Government conspiracy heat wave or no government conspiracy heat wave, this summer is setting records — not just record maximum temperatures, but also record minimums. On June 27, Oman recorded the world’s highest ever minimum temperature when the mercury failed to drop below 107.1 degrees F, even overnight. And that’s more important, in a global sense, than the record highs.
A few things too-often glossed over in discussions of what climate change is doing to temperatures the world over:
1. In many cases, nighttime minimum temperatures are rising faster than daytime maximums, narrowing the gap between average daytime and nighttime temperatures even as both rise. And here's an excellent map-based representation of what this is doing to the U.S.

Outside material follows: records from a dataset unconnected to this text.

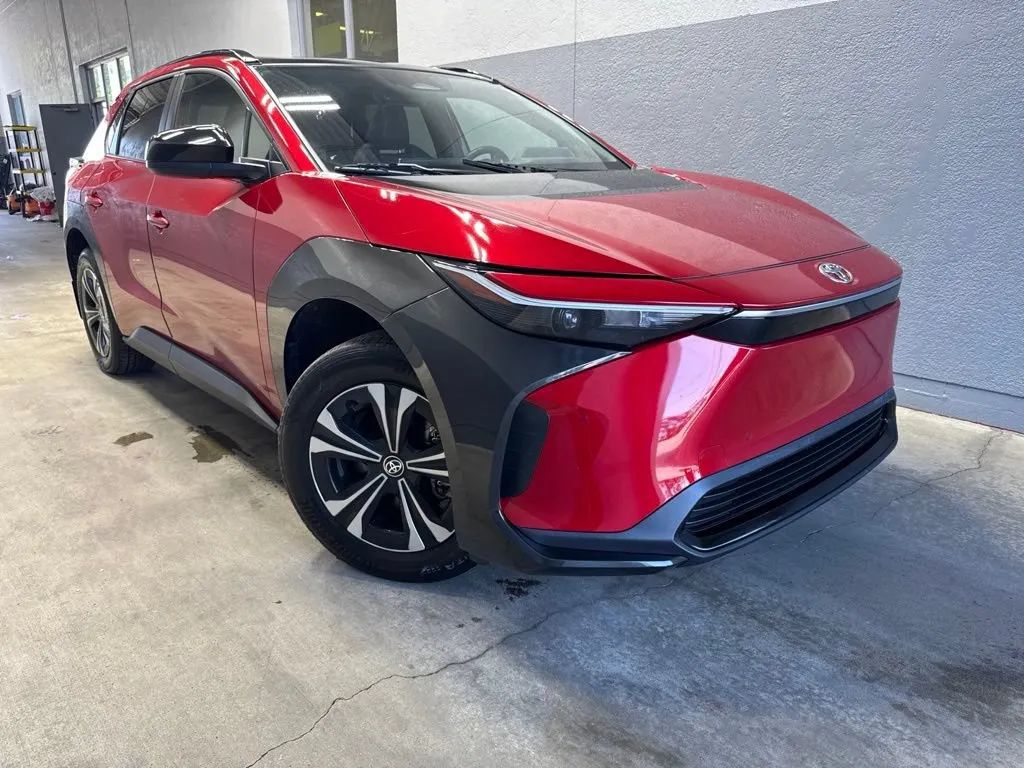 Used 2024 Toyota bZ4X XLE with VIN JTMABACA1RA087620 for sale in Indianapolis, IN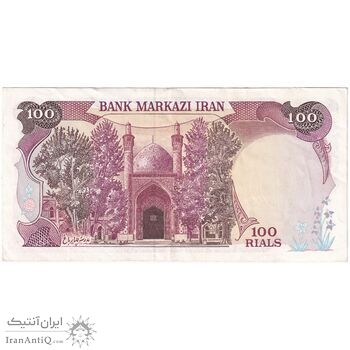 اسکناس 100 ریال (نمازی - نوربخش) - تک - EF45 - جمهوری اسلامی
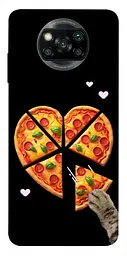 Чохол Demsky Pizza Love Cat для Xiaomi Poco X3 NFC / Poco X3 Pro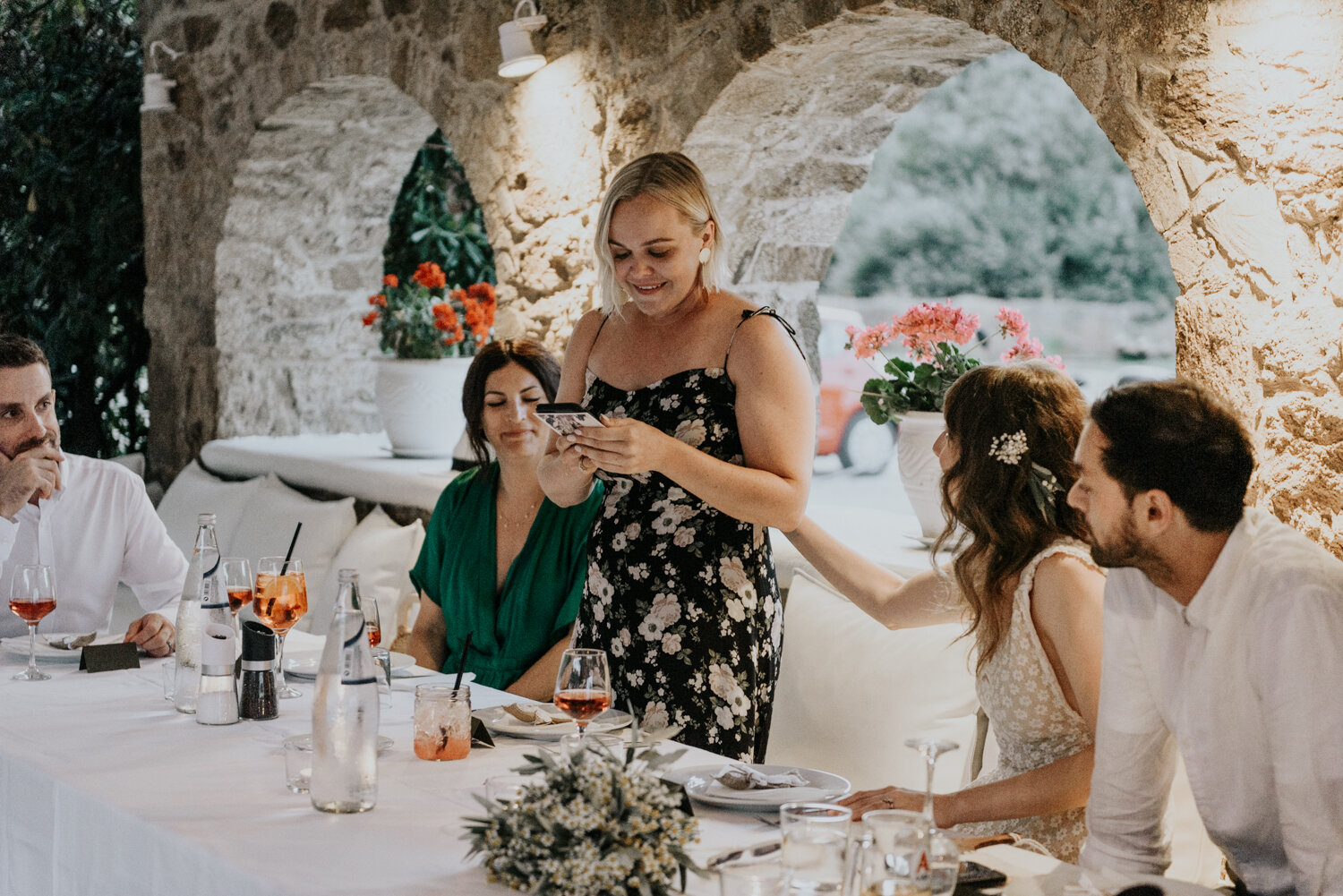 Greece Destination Wedding Reception 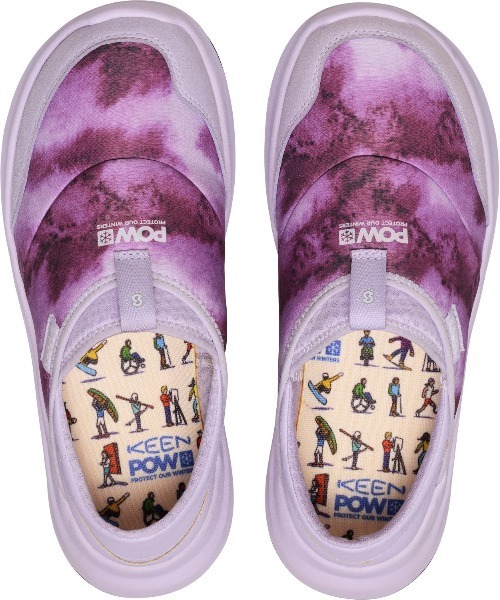 KEEN（キーン）の「WHYSER / ワイザー / レディース スリッポン スニーカー ★Collaboration with POW（スリッポン・レディース・パープル系その他・23cm/23.5cm/24cm/24.5cm/25cm/25.5cm/22.5cm）」の9枚目の写真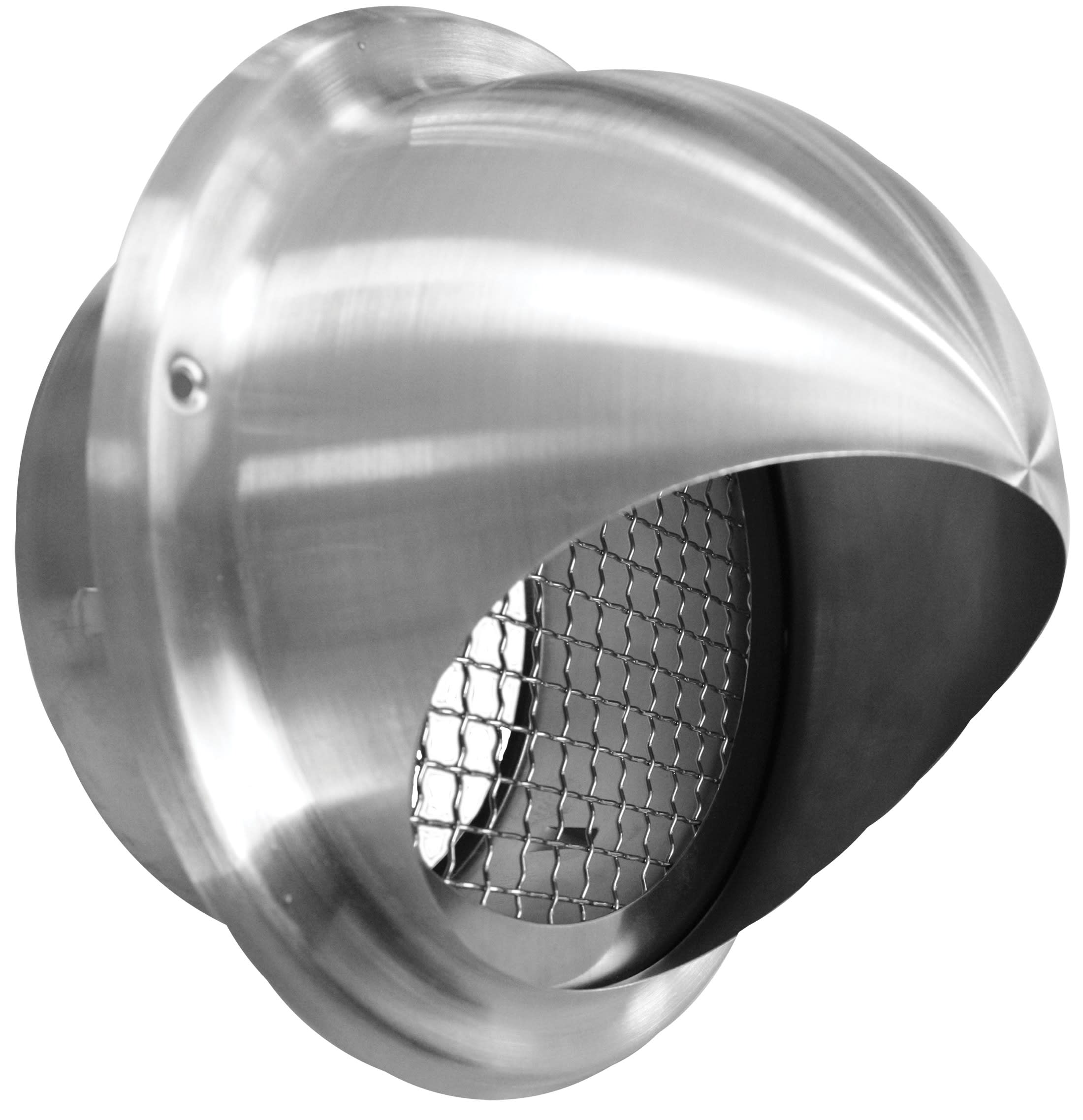 S&P - Prise d'air ou sortie d'air de façade, semi-sphérique, en acier inox, D 160 mm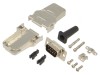 Conector D-Sub 9 PIN Tată Lipire pe Cablu Negru Set Complet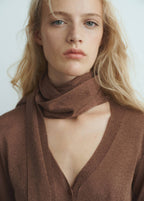Cardigan Maille Fine Foulard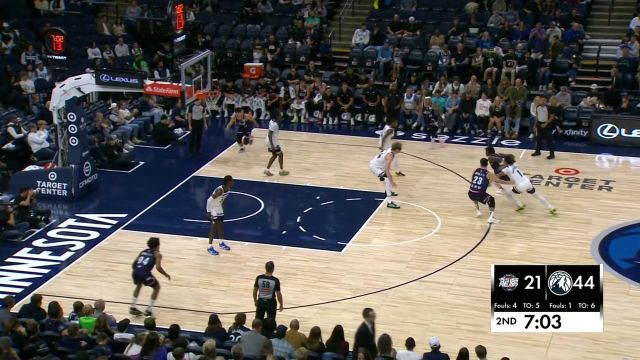 奥拉迪波vs森林狼集锦 14中5得到14分难阻失利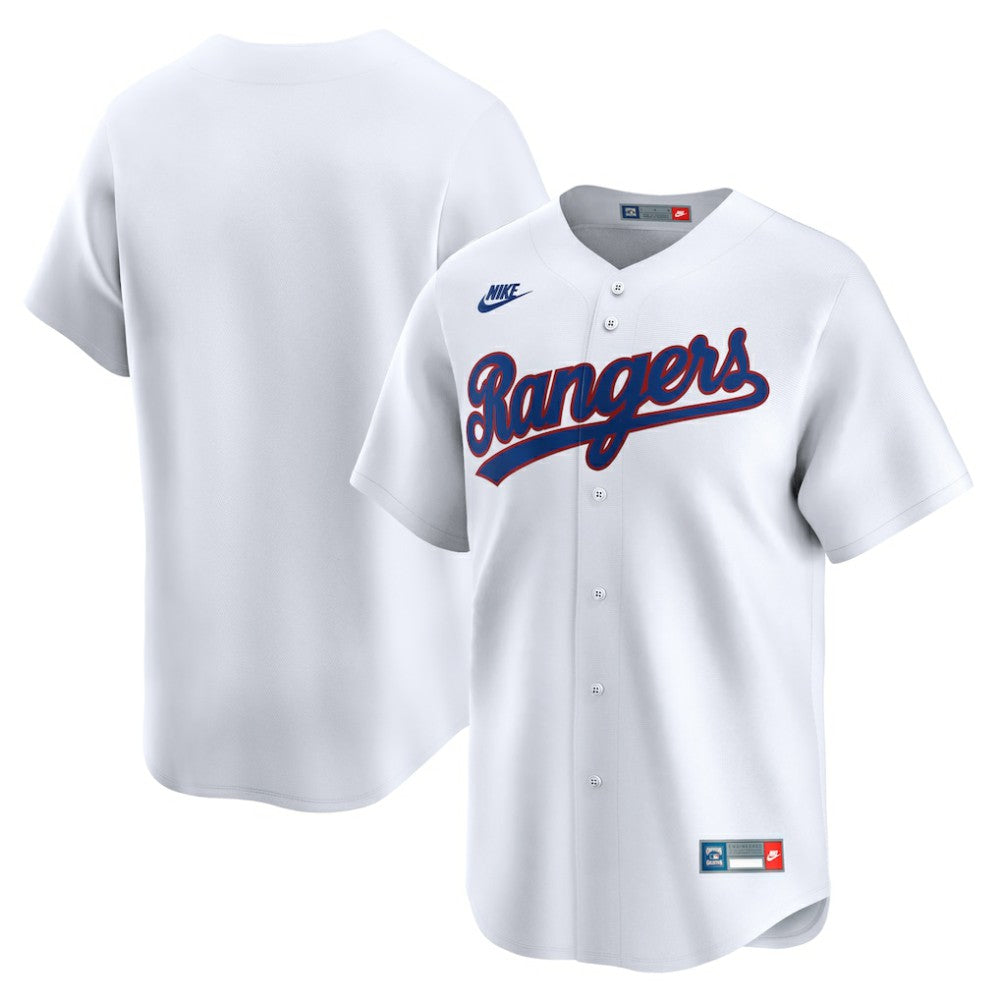 Texas Rangers Cooperstown Collection Limited Jersey White | Nike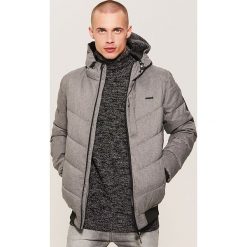 Pikowana kurtka - Szary. Szare kurtki damskie House, s, bez wzorów, bez kaptura. Za 159,99 zł.
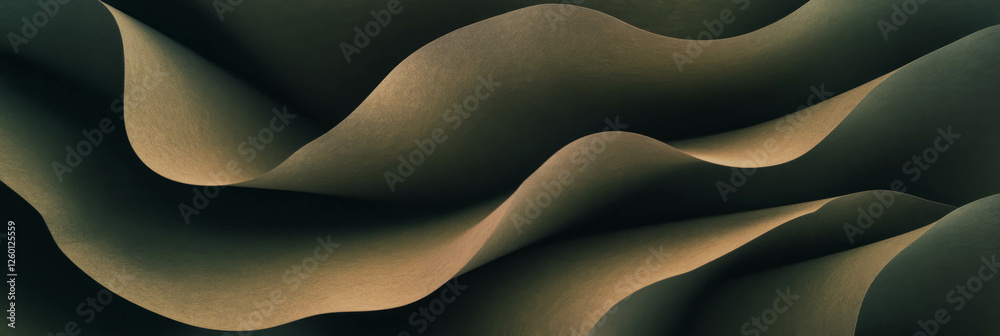 Poster Coarse spiral pattern on dark brown paper with uneven texture creates visual interest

2. It's nighttime temperatures, not daytime highs, that kill people.
The biggest concern for heat-related illnesses and deaths isn't during the daylight hours when temperatures can penetrate triple-digits, but rather overnight when the mercury doesn't fall below 80 degrees, said Zachary Thompson, Dallas County Health Department Director.
"Everybody normally focuses on that daytime temperature, but that nighttime temperature brings us to a deadly level that is a concern, because at night, there's no cooling off," he added.
This is the reason 5,000 people died in Paris in 2003. And the more people use air conditioning, the worse the urban heat island effect that kills people becomes.
3. Up to a point, higher daytime temperatures actually increase yields of rice, which is the staple food for billions of people. But higher nighttime temperatures decrease those yields. Like people, growing rice needs to cool off overnight.
Increasing nighttime temperatures are therefore a double threat, to both public health and food security, and they are rising faster than daytime highs. While new maximum temperatures grab the headlines, it's the record-breaking minimums that are more likely to be one of the four horsemen of the coming climate apocalypse.